═══ DATA IN THIS EXERCISE ═══
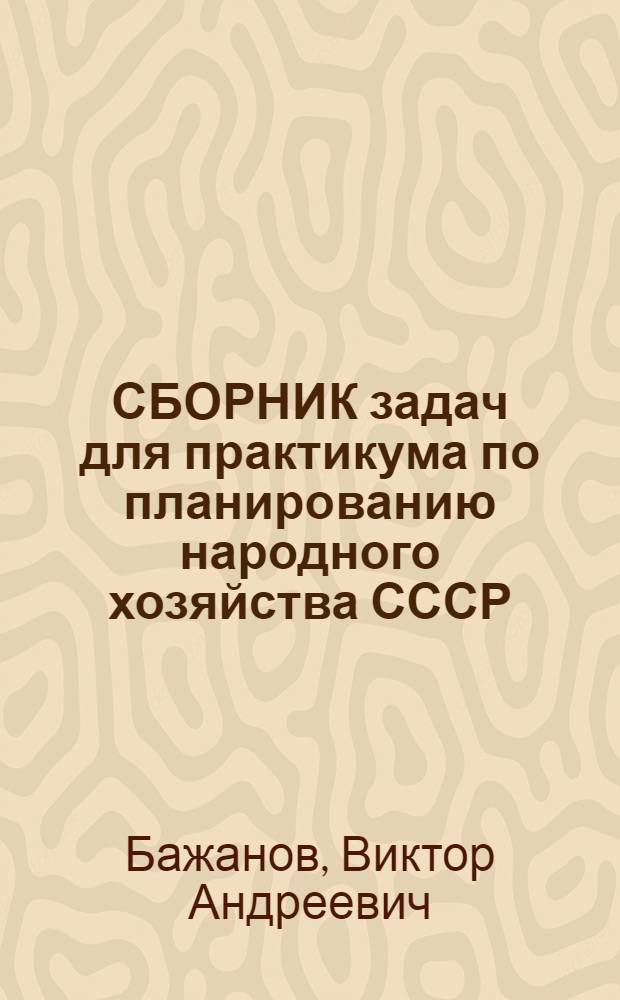 СБОРНИК задач для практикума по планированию народного хозяйства СССР : Учеб. пособие для студентов экон. фак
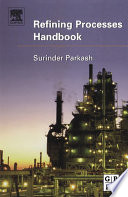 Refining processes handbook / Surinder Parkash.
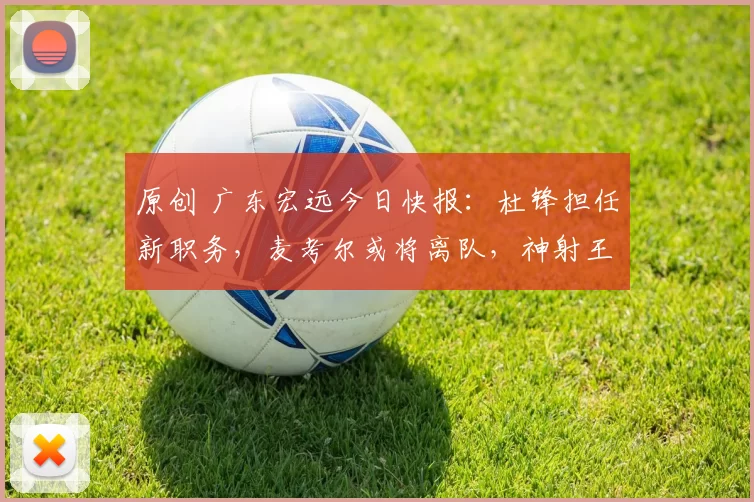 原创 广东宏远今日快报：杜锋担任新职务，麦考尔或将离队，神射王薪凯重返赛场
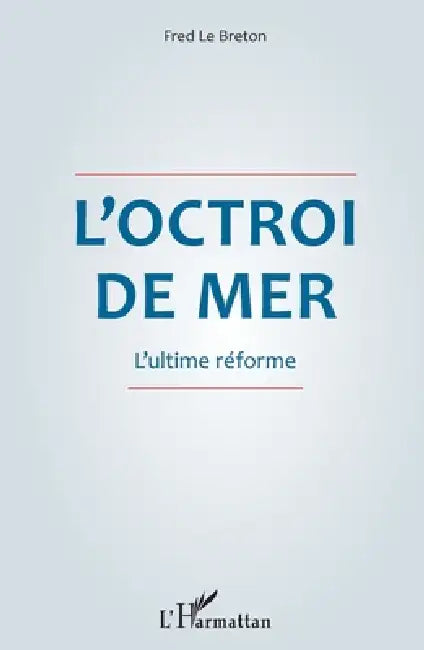L'octroi de mer: L'ultime réforme by Fred Le Breton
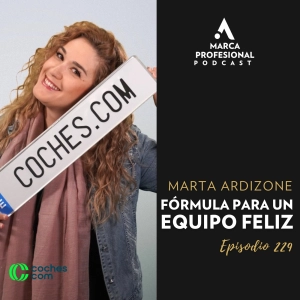 Cómo generar un buen AMBIENTE LABORAL | Marta Ardizone de Coches.com | Ep.229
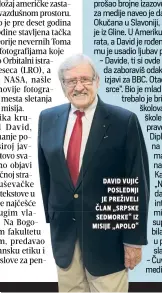  ??  ?? david vujić poslednji je preživeli Član „srpske sedmorke“iz misije „apolo“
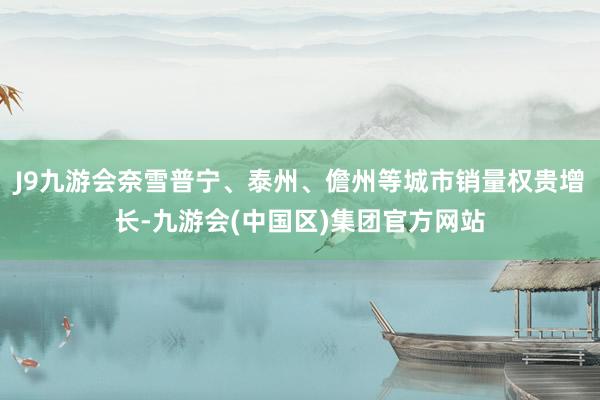 J9九游会奈雪普宁、泰州、儋州等城市销量权贵增长-九游会(中国区)集团官方网站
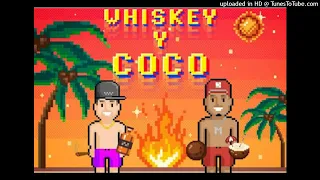 Justin Quiles, Myke Towers - Whiskey y Coco [Remix] J Balvin, Jowell y Randy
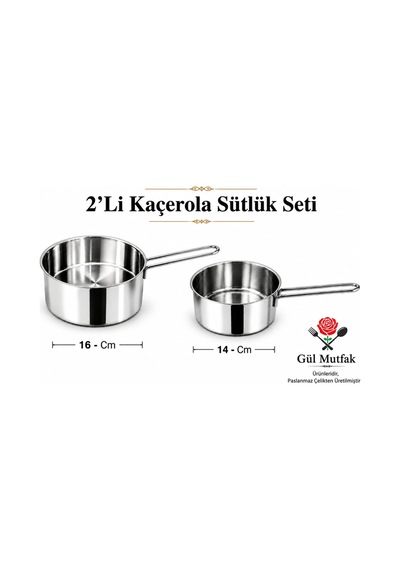 Gül Mutfak 2 Li Çelik Sütlük Seti Sosluk Paslanmaz Kaçerola 14-16 Cm Paslanmaz Çelik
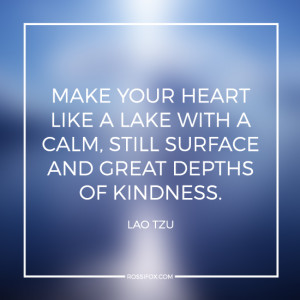 Lao Tzu Quote About Serenity and Kindness - Make your heart like a ...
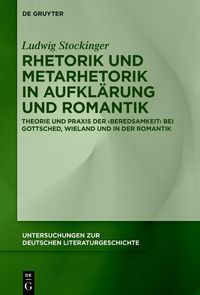 Bild vom Artikel Rhetorik und Metarhetorik in Aufklärung und Romantik vom Autor Ludwig Stockinger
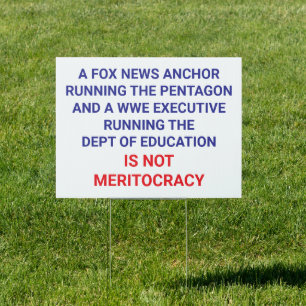 Political Meritocracy Yard Sign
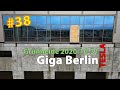 #38 Tesla Giga Berlin • 2020-10-31 • Gigafactory 4K
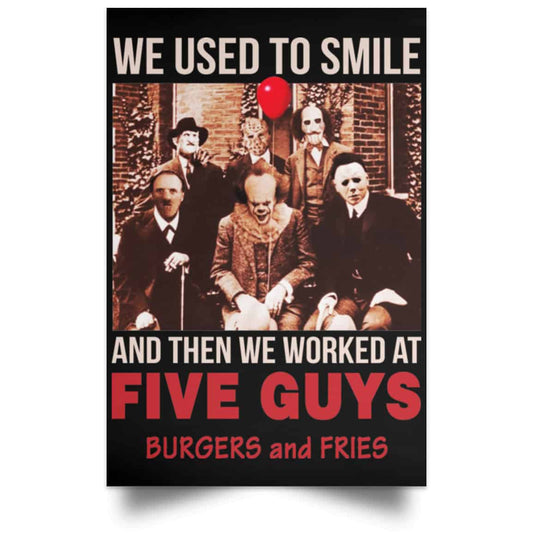 We Used To Smile And Then We Worked At Five Guys Posters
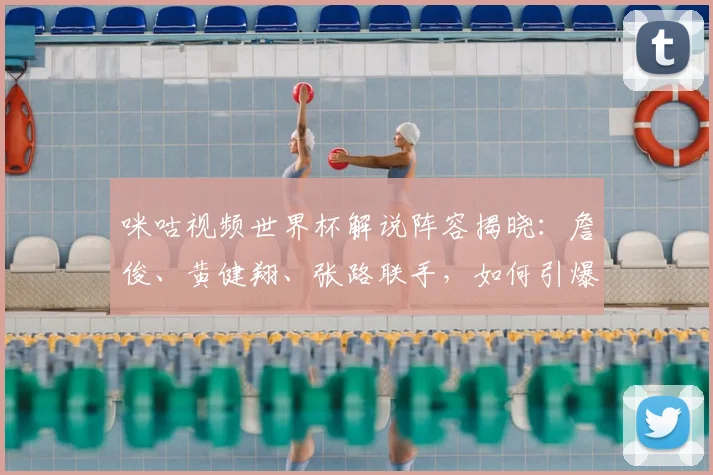 咪咕视频世界杯解说阵容揭晓:詹俊、黄健翔、张路联手,如何引爆观赛热潮?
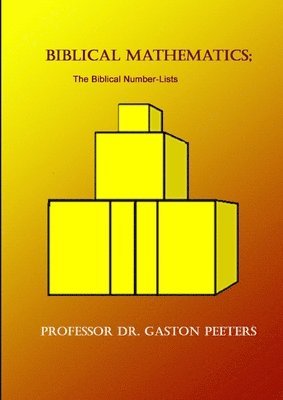 bokomslag Biblical Mathematics The Biblical Number-Lists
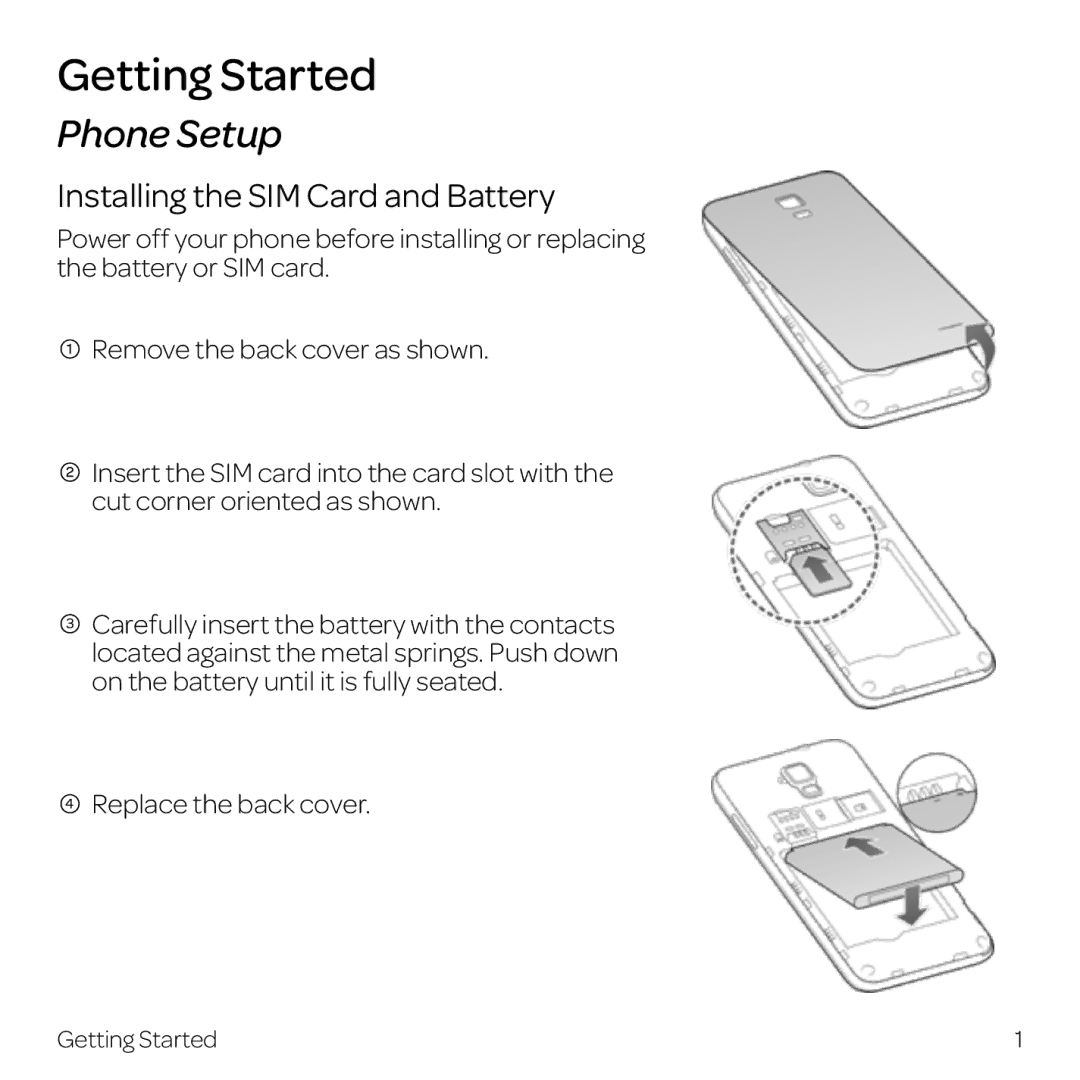 AT&T Z998 manual Getting Started, Phone Setup, Installing the SIM Card and Battery, Replace the back cover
═══
## YOUR ASSIGNMENT:
Quote the data above exactly from the line with "Justin Quiles, Myke" to the line with "We Used To Smile", both ends counted, and nothing else. Pictures don't go in.

## EXERCISE SOLUTION:
 Justin Quiles, Myke Towers - Whiskey y Coco [Remix] J Balvin, Jowell y Randy
 Gül Mutfak 2 Li Çelik Sütlük Seti Sosluk Paslanmaz Kaçerola 14-16 Cm Paslanmaz Çelik
 Lao Tzu Quote About Serenity and Kindness - Make your heart like a ...
 Bild vom Artikel Rhetorik und Metarhetorik in Aufklärung und Romantik vom Autor Ludwig Stockinger
 Political Meritocracy Yard Sign
 #38 Tesla Giga Berlin • 2020-10-31 • Gigafactory 4K
 We Used To Smile And Then We Worked At Five Guys Posters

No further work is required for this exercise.